* _YOUR ASSIGNMENT_
Return all of the entries exactly as written.
##############################
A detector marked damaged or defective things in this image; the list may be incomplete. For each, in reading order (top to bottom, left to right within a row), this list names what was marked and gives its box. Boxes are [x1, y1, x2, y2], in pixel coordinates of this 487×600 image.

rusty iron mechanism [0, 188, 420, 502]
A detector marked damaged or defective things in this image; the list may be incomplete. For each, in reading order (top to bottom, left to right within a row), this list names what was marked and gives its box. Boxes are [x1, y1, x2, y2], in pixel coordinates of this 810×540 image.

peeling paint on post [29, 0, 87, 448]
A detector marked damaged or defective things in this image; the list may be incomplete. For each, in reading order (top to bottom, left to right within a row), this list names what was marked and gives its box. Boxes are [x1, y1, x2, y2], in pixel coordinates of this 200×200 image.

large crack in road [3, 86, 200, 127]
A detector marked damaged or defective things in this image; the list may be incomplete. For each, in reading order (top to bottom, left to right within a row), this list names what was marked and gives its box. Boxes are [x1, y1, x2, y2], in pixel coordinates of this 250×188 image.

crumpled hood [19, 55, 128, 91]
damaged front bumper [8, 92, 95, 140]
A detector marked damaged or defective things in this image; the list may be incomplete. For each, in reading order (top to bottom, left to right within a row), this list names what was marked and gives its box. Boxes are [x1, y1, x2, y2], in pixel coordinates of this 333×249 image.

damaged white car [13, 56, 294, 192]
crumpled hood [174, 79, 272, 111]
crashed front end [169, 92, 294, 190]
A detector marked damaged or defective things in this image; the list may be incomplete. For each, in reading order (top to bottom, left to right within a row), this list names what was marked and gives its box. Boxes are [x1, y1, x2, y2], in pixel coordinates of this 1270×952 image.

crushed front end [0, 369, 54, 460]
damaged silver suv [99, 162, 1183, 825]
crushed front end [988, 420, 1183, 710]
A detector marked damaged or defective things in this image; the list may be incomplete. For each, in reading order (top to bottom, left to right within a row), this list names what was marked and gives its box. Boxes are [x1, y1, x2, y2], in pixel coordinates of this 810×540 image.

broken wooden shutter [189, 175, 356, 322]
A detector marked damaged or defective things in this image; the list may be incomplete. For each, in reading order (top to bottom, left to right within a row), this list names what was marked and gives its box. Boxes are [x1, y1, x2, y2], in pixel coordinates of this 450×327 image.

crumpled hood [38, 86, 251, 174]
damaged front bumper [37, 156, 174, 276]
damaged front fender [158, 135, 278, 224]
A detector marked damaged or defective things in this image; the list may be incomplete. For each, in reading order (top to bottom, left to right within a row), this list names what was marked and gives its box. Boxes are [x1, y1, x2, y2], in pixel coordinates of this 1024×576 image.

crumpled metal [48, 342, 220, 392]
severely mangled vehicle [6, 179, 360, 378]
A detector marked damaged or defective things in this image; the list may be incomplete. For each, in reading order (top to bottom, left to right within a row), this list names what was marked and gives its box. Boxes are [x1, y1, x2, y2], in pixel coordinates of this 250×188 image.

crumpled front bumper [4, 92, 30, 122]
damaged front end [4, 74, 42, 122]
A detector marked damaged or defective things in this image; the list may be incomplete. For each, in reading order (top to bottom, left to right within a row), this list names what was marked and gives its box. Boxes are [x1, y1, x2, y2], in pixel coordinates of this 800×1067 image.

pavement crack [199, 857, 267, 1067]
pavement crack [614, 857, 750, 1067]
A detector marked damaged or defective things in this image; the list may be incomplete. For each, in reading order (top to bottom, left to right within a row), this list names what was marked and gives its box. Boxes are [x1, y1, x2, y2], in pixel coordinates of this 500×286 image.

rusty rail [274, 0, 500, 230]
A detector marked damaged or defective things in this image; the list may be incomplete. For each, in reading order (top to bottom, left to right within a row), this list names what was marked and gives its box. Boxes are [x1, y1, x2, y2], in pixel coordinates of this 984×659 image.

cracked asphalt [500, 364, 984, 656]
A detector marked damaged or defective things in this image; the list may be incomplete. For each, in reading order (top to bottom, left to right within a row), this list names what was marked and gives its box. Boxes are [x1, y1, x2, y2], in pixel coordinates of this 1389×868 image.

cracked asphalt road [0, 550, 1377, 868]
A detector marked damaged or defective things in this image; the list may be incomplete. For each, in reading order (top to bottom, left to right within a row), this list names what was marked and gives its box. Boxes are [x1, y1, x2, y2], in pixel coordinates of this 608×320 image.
##############################
* _TASK SOLUTION_
A detector marked damaged or defective things in this image; the list may be incomplete. For each, in reading order (top to bottom, left to right within a row), this list names what was marked and gives its box. Boxes are [x1, y1, x2, y2], in pixel coordinates of this 487×600 image.

rusty iron mechanism [0, 188, 420, 502]
A detector marked damaged or defective things in this image; the list may be incomplete. For each, in reading order (top to bottom, left to right within a row), this list names what was marked and gives its box. Boxes are [x1, y1, x2, y2], in pixel coordinates of this 810×540 image.

peeling paint on post [29, 0, 87, 448]
A detector marked damaged or defective things in this image; the list may be incomplete. For each, in reading order (top to bottom, left to right within a row), this list names what was marked and gives its box. Boxes are [x1, y1, x2, y2], in pixel coordinates of this 200×200 image.

large crack in road [3, 86, 200, 127]
A detector marked damaged or defective things in this image; the list may be incomplete. For each, in reading order (top to bottom, left to right within a row), this list names what was marked and gives its box. Boxes are [x1, y1, x2, y2], in pixel coordinates of this 250×188 image.

crumpled hood [19, 55, 128, 91]
damaged front bumper [8, 92, 95, 140]
A detector marked damaged or defective things in this image; the list may be incomplete. For each, in reading order (top to bottom, left to right within a row), this list names what was marked and gives its box. Boxes are [x1, y1, x2, y2], in pixel coordinates of this 333×249 image.

damaged white car [13, 56, 294, 192]
crumpled hood [174, 79, 272, 111]
crashed front end [169, 92, 294, 190]
A detector marked damaged or defective things in this image; the list may be incomplete. For each, in reading order (top to bottom, left to right within a row), this list names what was marked and gives its box. Boxes are [x1, y1, x2, y2], in pixel coordinates of this 1270×952 image.

crushed front end [0, 369, 54, 460]
damaged silver suv [99, 162, 1183, 825]
crushed front end [988, 420, 1183, 710]
A detector marked damaged or defective things in this image; the list may be incomplete. For each, in reading order (top to bottom, left to right within a row), this list names what was marked and gives its box. Boxes are [x1, y1, x2, y2], in pixel coordinates of this 810×540 image.

broken wooden shutter [189, 175, 356, 322]
A detector marked damaged or defective things in this image; the list may be incomplete. For each, in reading order (top to bottom, left to right within a row), this list names what was marked and gives its box. Boxes are [x1, y1, x2, y2], in pixel coordinates of this 450×327 image.

crumpled hood [38, 86, 251, 174]
damaged front bumper [37, 156, 174, 276]
damaged front fender [158, 135, 278, 224]
A detector marked damaged or defective things in this image; the list may be incomplete. For each, in reading order (top to bottom, left to right within a row), this list names what was marked and gives its box. Boxes are [x1, y1, x2, y2], in pixel coordinates of this 1024×576 image.

crumpled metal [48, 342, 220, 392]
severely mangled vehicle [6, 179, 360, 378]
A detector marked damaged or defective things in this image; the list may be incomplete. For each, in reading order (top to bottom, left to right within a row), this list names what was marked and gives its box. Boxes are [x1, y1, x2, y2], in pixel coordinates of this 250×188 image.

crumpled front bumper [4, 92, 30, 122]
damaged front end [4, 74, 42, 122]
A detector marked damaged or defective things in this image; the list may be incomplete. For each, in reading order (top to bottom, left to right within a row), this list names what was marked and gives its box. Boxes are [x1, y1, x2, y2], in pixel coordinates of this 800×1067 image.

pavement crack [199, 857, 267, 1067]
pavement crack [614, 857, 750, 1067]
A detector marked damaged or defective things in this image; the list may be incomplete. For each, in reading order (top to bottom, left to right within a row), this list names what was marked and gives its box. Boxes are [x1, y1, x2, y2], in pixel coordinates of this 500×286 image.

rusty rail [274, 0, 500, 230]
A detector marked damaged or defective things in this image; the list may be incomplete. For each, in reading order (top to bottom, left to right within a row), this list names what was marked and gives its box. Boxes are [x1, y1, x2, y2], in pixel coordinates of this 984×659 image.

cracked asphalt [500, 364, 984, 656]
A detector marked damaged or defective things in this image; the list may be incomplete. For each, in reading order (top to bottom, left to right within a row), this list names what was marked and gives its box. Boxes are [x1, y1, x2, y2], in pixel coordinates of this 1389×868 image.

cracked asphalt road [0, 550, 1377, 868]
A detector marked damaged or defective things in this image; the list may be incomplete. For each, in reading order (top to bottom, left to right within a row), this list names what was marked and gives its box. Boxes are [x1, y1, x2, y2], in pixel coordinates of this 608×320 image.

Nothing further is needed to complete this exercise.